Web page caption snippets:
+--

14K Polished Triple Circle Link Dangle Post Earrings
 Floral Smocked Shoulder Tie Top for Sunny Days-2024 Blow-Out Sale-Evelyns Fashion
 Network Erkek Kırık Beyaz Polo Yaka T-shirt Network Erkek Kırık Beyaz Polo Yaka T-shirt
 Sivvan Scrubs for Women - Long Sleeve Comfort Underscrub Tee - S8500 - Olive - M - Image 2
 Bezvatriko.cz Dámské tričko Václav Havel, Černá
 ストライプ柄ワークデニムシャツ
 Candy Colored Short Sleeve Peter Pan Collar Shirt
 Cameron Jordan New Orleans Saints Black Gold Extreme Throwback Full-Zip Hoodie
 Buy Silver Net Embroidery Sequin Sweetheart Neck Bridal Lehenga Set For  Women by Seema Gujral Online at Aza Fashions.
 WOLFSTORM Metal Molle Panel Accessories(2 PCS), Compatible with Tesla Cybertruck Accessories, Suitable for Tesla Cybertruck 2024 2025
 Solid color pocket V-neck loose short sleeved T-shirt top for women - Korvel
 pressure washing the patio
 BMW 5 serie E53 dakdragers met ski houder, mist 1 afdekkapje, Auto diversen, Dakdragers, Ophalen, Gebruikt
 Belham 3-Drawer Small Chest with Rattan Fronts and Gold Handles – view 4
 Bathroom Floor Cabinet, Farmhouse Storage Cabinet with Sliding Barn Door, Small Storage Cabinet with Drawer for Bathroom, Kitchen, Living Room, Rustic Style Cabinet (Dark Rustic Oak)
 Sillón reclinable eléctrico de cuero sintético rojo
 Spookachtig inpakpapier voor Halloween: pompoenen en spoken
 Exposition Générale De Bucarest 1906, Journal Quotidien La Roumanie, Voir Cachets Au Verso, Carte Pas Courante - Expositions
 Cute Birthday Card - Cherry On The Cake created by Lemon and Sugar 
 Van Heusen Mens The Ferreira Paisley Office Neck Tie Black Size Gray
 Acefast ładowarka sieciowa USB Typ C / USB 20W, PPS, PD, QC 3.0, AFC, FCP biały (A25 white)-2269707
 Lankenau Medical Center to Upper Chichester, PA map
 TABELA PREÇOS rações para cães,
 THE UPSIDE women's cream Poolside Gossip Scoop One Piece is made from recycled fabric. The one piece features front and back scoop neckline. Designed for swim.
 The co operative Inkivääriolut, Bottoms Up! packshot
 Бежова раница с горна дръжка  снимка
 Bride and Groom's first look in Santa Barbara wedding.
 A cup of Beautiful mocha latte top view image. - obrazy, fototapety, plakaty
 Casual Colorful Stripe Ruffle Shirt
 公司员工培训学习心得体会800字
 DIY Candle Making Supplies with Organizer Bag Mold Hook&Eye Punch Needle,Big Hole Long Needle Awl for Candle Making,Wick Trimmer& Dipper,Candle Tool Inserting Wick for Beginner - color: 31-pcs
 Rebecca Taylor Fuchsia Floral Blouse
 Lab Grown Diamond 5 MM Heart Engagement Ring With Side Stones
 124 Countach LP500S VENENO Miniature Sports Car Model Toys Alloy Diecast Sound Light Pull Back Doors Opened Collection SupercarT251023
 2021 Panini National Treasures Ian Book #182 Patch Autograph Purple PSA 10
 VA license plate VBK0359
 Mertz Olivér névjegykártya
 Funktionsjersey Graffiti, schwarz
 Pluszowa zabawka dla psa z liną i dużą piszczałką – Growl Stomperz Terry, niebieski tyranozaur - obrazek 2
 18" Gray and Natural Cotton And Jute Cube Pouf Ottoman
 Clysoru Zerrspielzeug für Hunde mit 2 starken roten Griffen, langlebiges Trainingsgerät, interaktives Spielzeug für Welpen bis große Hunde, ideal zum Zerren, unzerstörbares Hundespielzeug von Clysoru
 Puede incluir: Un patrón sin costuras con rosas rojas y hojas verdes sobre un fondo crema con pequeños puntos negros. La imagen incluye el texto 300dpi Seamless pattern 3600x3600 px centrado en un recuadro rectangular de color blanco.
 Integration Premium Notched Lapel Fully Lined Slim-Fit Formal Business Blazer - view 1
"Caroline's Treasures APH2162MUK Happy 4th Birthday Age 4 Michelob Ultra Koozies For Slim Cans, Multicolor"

+--

> What you are asked to do:
When the line with "Buy Silver Net" is reached in the data above, begin copying, and stop after the line with "公司员工培训学习心得体会800字"; copy each line exactly, both ends included.

> Written response:
 Buy Silver Net Embroidery Sequin Sweetheart Neck Bridal Lehenga Set For  Women by Seema Gujral Online at Aza Fashions.
 WOLFSTORM Metal Molle Panel Accessories(2 PCS), Compatible with Tesla Cybertruck Accessories, Suitable for Tesla Cybertruck 2024 2025
 Solid color pocket V-neck loose short sleeved T-shirt top for women - Korvel
 pressure washing the patio
 BMW 5 serie E53 dakdragers met ski houder, mist 1 afdekkapje, Auto diversen, Dakdragers, Ophalen, Gebruikt
 Belham 3-Drawer Small Chest with Rattan Fronts and Gold Handles – view 4
 Bathroom Floor Cabinet, Farmhouse Storage Cabinet with Sliding Barn Door, Small Storage Cabinet with Drawer for Bathroom, Kitchen, Living Room, Rustic Style Cabinet (Dark Rustic Oak)
 Sillón reclinable eléctrico de cuero sintético rojo
 Spookachtig inpakpapier voor Halloween: pompoenen en spoken
 Exposition Générale De Bucarest 1906, Journal Quotidien La Roumanie, Voir Cachets Au Verso, Carte Pas Courante - Expositions
 Cute Birthday Card - Cherry On The Cake created by Lemon and Sugar 
 Van Heusen Mens The Ferreira Paisley Office Neck Tie Black Size Gray
 Acefast ładowarka sieciowa USB Typ C / USB 20W, PPS, PD, QC 3.0, AFC, FCP biały (A25 white)-2269707
 Lankenau Medical Center to Upper Chichester, PA map
 TABELA PREÇOS rações para cães,
 THE UPSIDE women's cream Poolside Gossip Scoop One Piece is made from recycled fabric. The one piece features front and back scoop neckline. Designed for swim.
 The co operative Inkivääriolut, Bottoms Up! packshot
 Бежова раница с горна дръжка  снимка
 Bride and Groom's first look in Santa Barbara wedding.
 A cup of Beautiful mocha latte top view image. - obrazy, fototapety, plakaty
 Casual Colorful Stripe Ruffle Shirt
 公司员工培训学习心得体会800字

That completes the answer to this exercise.